Your answer must be the listing repeated word for word, without its pictures.

__Given material__.
* * * *

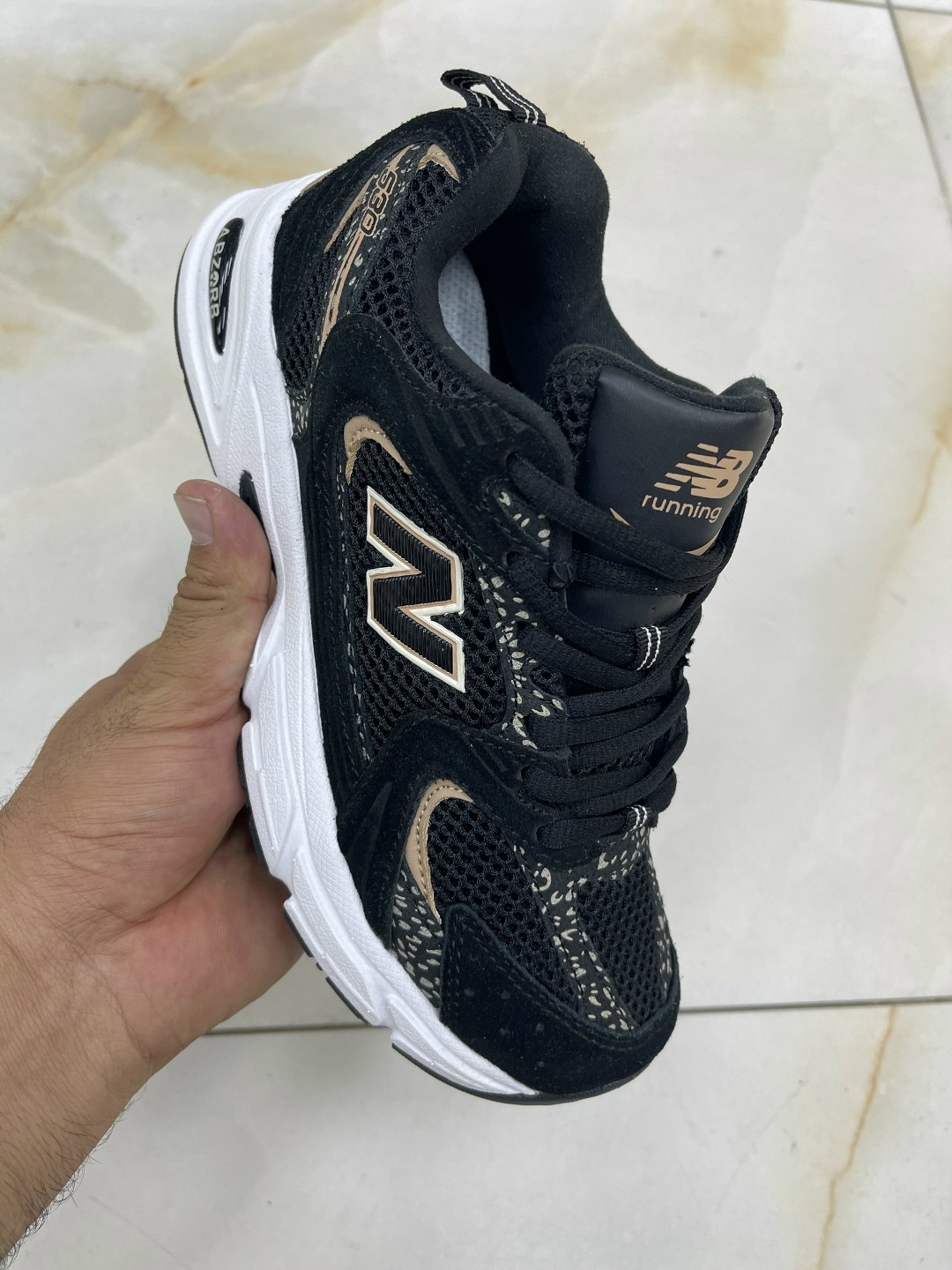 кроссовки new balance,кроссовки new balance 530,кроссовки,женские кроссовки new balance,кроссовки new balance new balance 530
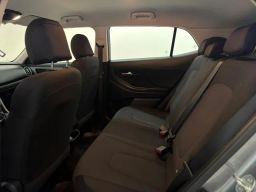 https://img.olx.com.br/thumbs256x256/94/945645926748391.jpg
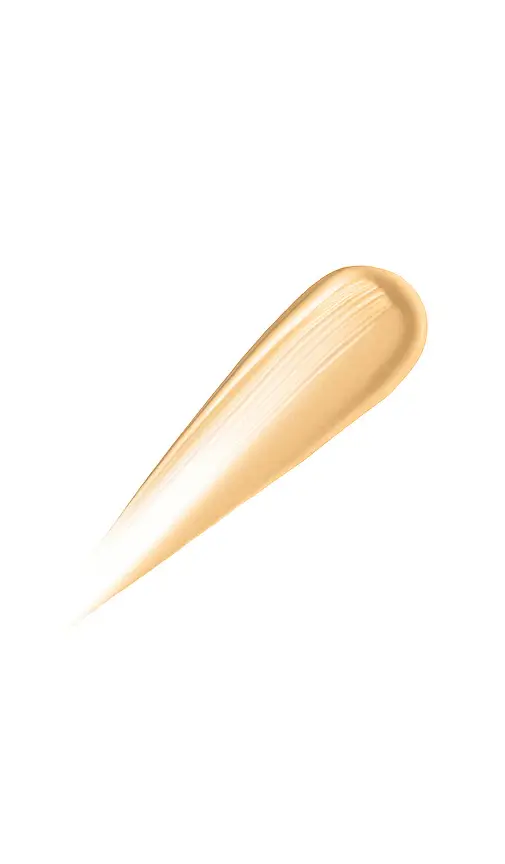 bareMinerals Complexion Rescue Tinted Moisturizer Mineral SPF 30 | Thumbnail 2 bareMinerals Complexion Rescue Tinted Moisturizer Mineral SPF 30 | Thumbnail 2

* * * *

__Response area__.
 кроссовки new balance,кроссовки new balance 530,кроссовки,женские кроссовки new balance,кроссовки new balance new balance 530
 https://img.olx.com.br/thumbs256x256/94/945645926748391.jpg
 bareMinerals Complexion Rescue Tinted Moisturizer Mineral SPF 30 | Thumbnail 2 bareMinerals Complexion Rescue Tinted Moisturizer Mineral SPF 30 | Thumbnail 2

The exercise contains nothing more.